| What needs to be done |
Send every record back word for word.

| Records for processing |

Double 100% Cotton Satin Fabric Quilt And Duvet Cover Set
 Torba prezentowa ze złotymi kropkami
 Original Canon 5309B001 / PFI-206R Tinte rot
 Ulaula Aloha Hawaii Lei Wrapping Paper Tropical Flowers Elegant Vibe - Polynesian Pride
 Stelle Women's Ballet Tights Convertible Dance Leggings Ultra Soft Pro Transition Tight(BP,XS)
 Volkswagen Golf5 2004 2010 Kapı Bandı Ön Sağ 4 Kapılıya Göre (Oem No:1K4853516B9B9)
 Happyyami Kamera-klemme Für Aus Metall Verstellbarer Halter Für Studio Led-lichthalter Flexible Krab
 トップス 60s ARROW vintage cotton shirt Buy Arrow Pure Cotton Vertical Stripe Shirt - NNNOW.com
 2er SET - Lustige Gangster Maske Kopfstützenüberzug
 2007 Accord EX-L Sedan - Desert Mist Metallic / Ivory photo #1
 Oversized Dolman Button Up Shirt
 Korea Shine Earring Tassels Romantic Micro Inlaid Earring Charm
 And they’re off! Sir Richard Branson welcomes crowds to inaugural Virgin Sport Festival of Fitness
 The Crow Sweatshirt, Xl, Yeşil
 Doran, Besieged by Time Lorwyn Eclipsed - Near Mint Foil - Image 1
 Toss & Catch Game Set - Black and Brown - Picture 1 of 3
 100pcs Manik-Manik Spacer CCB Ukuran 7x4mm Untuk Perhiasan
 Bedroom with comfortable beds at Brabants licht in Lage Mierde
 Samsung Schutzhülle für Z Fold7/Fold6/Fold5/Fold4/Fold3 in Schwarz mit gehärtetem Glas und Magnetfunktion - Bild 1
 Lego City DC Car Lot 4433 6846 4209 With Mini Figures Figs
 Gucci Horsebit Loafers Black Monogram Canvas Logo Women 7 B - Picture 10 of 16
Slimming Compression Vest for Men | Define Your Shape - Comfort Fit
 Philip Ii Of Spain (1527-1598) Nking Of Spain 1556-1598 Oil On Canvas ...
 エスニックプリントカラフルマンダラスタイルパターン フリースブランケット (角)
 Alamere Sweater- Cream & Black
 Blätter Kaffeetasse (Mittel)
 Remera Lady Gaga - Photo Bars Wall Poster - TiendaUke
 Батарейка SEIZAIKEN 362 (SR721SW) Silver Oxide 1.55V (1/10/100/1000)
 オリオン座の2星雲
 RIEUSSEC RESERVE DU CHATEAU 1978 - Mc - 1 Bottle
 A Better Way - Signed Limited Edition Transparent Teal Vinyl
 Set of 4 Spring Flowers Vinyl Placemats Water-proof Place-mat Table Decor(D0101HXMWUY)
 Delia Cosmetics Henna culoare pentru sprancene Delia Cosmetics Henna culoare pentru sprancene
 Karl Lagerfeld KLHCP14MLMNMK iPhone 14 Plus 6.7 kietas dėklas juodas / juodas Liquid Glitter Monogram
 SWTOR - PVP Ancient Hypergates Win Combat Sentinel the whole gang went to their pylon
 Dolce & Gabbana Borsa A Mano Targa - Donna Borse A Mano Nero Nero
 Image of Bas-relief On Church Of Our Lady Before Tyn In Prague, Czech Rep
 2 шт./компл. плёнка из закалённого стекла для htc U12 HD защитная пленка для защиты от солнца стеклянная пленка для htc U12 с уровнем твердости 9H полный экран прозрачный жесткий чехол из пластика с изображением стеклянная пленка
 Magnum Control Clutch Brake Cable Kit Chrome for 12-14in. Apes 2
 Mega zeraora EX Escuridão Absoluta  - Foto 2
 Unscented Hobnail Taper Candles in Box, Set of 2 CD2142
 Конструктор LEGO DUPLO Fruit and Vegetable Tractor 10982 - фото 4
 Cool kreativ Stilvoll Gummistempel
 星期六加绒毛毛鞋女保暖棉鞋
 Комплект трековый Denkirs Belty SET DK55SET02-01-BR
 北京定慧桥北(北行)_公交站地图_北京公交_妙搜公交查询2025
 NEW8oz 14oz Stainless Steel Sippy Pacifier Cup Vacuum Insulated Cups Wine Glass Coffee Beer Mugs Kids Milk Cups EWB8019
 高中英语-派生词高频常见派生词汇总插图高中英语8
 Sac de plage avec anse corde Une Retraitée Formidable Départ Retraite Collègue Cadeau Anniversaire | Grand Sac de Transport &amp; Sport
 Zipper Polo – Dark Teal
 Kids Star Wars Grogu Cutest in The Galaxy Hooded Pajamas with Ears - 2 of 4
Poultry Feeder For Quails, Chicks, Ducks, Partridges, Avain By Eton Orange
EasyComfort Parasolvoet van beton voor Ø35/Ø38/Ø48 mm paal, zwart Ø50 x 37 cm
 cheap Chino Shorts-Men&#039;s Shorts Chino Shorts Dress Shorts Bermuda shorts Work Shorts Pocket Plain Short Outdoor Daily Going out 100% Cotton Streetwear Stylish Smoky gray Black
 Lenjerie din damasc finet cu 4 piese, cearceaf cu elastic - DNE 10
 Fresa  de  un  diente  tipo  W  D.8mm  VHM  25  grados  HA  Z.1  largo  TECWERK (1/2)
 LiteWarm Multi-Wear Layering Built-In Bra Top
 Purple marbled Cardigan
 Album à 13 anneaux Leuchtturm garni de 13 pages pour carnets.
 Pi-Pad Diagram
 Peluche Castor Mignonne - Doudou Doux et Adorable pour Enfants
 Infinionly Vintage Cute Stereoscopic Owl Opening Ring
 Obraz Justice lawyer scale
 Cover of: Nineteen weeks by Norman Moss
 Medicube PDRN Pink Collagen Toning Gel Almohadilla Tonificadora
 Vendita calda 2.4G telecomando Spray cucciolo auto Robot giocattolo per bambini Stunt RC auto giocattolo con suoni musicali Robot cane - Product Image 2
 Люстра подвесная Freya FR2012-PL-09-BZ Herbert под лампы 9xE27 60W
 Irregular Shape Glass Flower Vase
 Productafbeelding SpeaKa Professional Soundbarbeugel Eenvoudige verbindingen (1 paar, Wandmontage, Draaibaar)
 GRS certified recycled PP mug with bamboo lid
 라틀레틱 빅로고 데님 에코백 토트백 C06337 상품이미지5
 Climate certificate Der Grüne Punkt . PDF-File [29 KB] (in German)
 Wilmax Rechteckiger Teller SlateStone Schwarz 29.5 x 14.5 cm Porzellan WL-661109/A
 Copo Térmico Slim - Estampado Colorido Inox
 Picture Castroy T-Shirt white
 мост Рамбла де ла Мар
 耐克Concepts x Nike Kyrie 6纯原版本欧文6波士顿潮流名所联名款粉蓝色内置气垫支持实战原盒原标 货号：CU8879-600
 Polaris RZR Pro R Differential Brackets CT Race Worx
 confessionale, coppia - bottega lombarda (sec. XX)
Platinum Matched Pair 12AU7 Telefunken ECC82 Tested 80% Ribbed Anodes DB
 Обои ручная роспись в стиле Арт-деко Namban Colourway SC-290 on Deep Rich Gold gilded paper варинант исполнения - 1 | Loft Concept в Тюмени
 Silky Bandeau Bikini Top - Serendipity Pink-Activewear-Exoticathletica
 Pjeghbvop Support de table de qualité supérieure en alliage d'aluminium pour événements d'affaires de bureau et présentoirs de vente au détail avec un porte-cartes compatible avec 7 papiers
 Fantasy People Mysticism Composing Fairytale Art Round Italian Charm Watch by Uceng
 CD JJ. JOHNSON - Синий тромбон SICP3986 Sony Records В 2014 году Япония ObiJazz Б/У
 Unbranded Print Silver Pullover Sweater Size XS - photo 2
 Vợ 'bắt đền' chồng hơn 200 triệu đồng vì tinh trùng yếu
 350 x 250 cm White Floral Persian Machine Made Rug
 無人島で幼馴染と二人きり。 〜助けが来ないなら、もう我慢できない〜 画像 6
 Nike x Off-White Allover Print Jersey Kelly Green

| Solution to the exercise |
Double 100% Cotton Satin Fabric Quilt And Duvet Cover Set
 Torba prezentowa ze złotymi kropkami
 Original Canon 5309B001 / PFI-206R Tinte rot
 Ulaula Aloha Hawaii Lei Wrapping Paper Tropical Flowers Elegant Vibe - Polynesian Pride
 Stelle Women's Ballet Tights Convertible Dance Leggings Ultra Soft Pro Transition Tight(BP,XS)
 Volkswagen Golf5 2004 2010 Kapı Bandı Ön Sağ 4 Kapılıya Göre (Oem No:1K4853516B9B9)
 Happyyami Kamera-klemme Für Aus Metall Verstellbarer Halter Für Studio Led-lichthalter Flexible Krab
 トップス 60s ARROW vintage cotton shirt Buy Arrow Pure Cotton Vertical Stripe Shirt - NNNOW.com
 2er SET - Lustige Gangster Maske Kopfstützenüberzug
 2007 Accord EX-L Sedan - Desert Mist Metallic / Ivory photo #1
 Oversized Dolman Button Up Shirt
 Korea Shine Earring Tassels Romantic Micro Inlaid Earring Charm
 And they’re off! Sir Richard Branson welcomes crowds to inaugural Virgin Sport Festival of Fitness
 The Crow Sweatshirt, Xl, Yeşil
 Doran, Besieged by Time Lorwyn Eclipsed - Near Mint Foil - Image 1
 Toss & Catch Game Set - Black and Brown - Picture 1 of 3
 100pcs Manik-Manik Spacer CCB Ukuran 7x4mm Untuk Perhiasan
 Bedroom with comfortable beds at Brabants licht in Lage Mierde
 Samsung Schutzhülle für Z Fold7/Fold6/Fold5/Fold4/Fold3 in Schwarz mit gehärtetem Glas und Magnetfunktion - Bild 1
 Lego City DC Car Lot 4433 6846 4209 With Mini Figures Figs
 Gucci Horsebit Loafers Black Monogram Canvas Logo Women 7 B - Picture 10 of 16
Slimming Compression Vest for Men | Define Your Shape - Comfort Fit
 Philip Ii Of Spain (1527-1598) Nking Of Spain 1556-1598 Oil On Canvas ...
 エスニックプリントカラフルマンダラスタイルパターン フリースブランケット (角)
 Alamere Sweater- Cream & Black
 Blätter Kaffeetasse (Mittel)
 Remera Lady Gaga - Photo Bars Wall Poster - TiendaUke
 Батарейка SEIZAIKEN 362 (SR721SW) Silver Oxide 1.55V (1/10/100/1000)
 オリオン座の2星雲
 RIEUSSEC RESERVE DU CHATEAU 1978 - Mc - 1 Bottle
 A Better Way - Signed Limited Edition Transparent Teal Vinyl
 Set of 4 Spring Flowers Vinyl Placemats Water-proof Place-mat Table Decor(D0101HXMWUY)
 Delia Cosmetics Henna culoare pentru sprancene Delia Cosmetics Henna culoare pentru sprancene
 Karl Lagerfeld KLHCP14MLMNMK iPhone 14 Plus 6.7 kietas dėklas juodas / juodas Liquid Glitter Monogram
 SWTOR - PVP Ancient Hypergates Win Combat Sentinel the whole gang went to their pylon
 Dolce & Gabbana Borsa A Mano Targa - Donna Borse A Mano Nero Nero
 Image of Bas-relief On Church Of Our Lady Before Tyn In Prague, Czech Rep
 2 шт./компл. плёнка из закалённого стекла для htc U12 HD защитная пленка для защиты от солнца стеклянная пленка для htc U12 с уровнем твердости 9H полный экран прозрачный жесткий чехол из пластика с изображением стеклянная пленка
 Magnum Control Clutch Brake Cable Kit Chrome for 12-14in. Apes 2
 Mega zeraora EX Escuridão Absoluta  - Foto 2
 Unscented Hobnail Taper Candles in Box, Set of 2 CD2142
 Конструктор LEGO DUPLO Fruit and Vegetable Tractor 10982 - фото 4
 Cool kreativ Stilvoll Gummistempel
 星期六加绒毛毛鞋女保暖棉鞋
 Комплект трековый Denkirs Belty SET DK55SET02-01-BR
 北京定慧桥北(北行)_公交站地图_北京公交_妙搜公交查询2025
 NEW8oz 14oz Stainless Steel Sippy Pacifier Cup Vacuum Insulated Cups Wine Glass Coffee Beer Mugs Kids Milk Cups EWB8019
 高中英语-派生词高频常见派生词汇总插图高中英语8
 Sac de plage avec anse corde Une Retraitée Formidable Départ Retraite Collègue Cadeau Anniversaire | Grand Sac de Transport &amp; Sport
 Zipper Polo – Dark Teal
 Kids Star Wars Grogu Cutest in The Galaxy Hooded Pajamas with Ears - 2 of 4
Poultry Feeder For Quails, Chicks, Ducks, Partridges, Avain By Eton Orange
EasyComfort Parasolvoet van beton voor Ø35/Ø38/Ø48 mm paal, zwart Ø50 x 37 cm
 cheap Chino Shorts-Men&#039;s Shorts Chino Shorts Dress Shorts Bermuda shorts Work Shorts Pocket Plain Short Outdoor Daily Going out 100% Cotton Streetwear Stylish Smoky gray Black
 Lenjerie din damasc finet cu 4 piese, cearceaf cu elastic - DNE 10
 Fresa  de  un  diente  tipo  W  D.8mm  VHM  25  grados  HA  Z.1  largo  TECWERK (1/2)
 LiteWarm Multi-Wear Layering Built-In Bra Top
 Purple marbled Cardigan
 Album à 13 anneaux Leuchtturm garni de 13 pages pour carnets.
 Pi-Pad Diagram
 Peluche Castor Mignonne - Doudou Doux et Adorable pour Enfants
 Infinionly Vintage Cute Stereoscopic Owl Opening Ring
 Obraz Justice lawyer scale
 Cover of: Nineteen weeks by Norman Moss
 Medicube PDRN Pink Collagen Toning Gel Almohadilla Tonificadora
 Vendita calda 2.4G telecomando Spray cucciolo auto Robot giocattolo per bambini Stunt RC auto giocattolo con suoni musicali Robot cane - Product Image 2
 Люстра подвесная Freya FR2012-PL-09-BZ Herbert под лампы 9xE27 60W
 Irregular Shape Glass Flower Vase
 Productafbeelding SpeaKa Professional Soundbarbeugel Eenvoudige verbindingen (1 paar, Wandmontage, Draaibaar)
 GRS certified recycled PP mug with bamboo lid
 라틀레틱 빅로고 데님 에코백 토트백 C06337 상품이미지5
 Climate certificate Der Grüne Punkt . PDF-File [29 KB] (in German)
 Wilmax Rechteckiger Teller SlateStone Schwarz 29.5 x 14.5 cm Porzellan WL-661109/A
 Copo Térmico Slim - Estampado Colorido Inox
 Picture Castroy T-Shirt white
 мост Рамбла де ла Мар
 耐克Concepts x Nike Kyrie 6纯原版本欧文6波士顿潮流名所联名款粉蓝色内置气垫支持实战原盒原标 货号：CU8879-600
 Polaris RZR Pro R Differential Brackets CT Race Worx
 confessionale, coppia - bottega lombarda (sec. XX)
Platinum Matched Pair 12AU7 Telefunken ECC82 Tested 80% Ribbed Anodes DB
 Обои ручная роспись в стиле Арт-деко Namban Colourway SC-290 on Deep Rich Gold gilded paper варинант исполнения - 1 | Loft Concept в Тюмени
 Silky Bandeau Bikini Top - Serendipity Pink-Activewear-Exoticathletica
 Pjeghbvop Support de table de qualité supérieure en alliage d'aluminium pour événements d'affaires de bureau et présentoirs de vente au détail avec un porte-cartes compatible avec 7 papiers
 Fantasy People Mysticism Composing Fairytale Art Round Italian Charm Watch by Uceng
 CD JJ. JOHNSON - Синий тромбон SICP3986 Sony Records В 2014 году Япония ObiJazz Б/У
 Unbranded Print Silver Pullover Sweater Size XS - photo 2
 Vợ 'bắt đền' chồng hơn 200 triệu đồng vì tinh trùng yếu
 350 x 250 cm White Floral Persian Machine Made Rug
 無人島で幼馴染と二人きり。 〜助けが来ないなら、もう我慢できない〜 画像 6
 Nike x Off-White Allover Print Jersey Kelly Green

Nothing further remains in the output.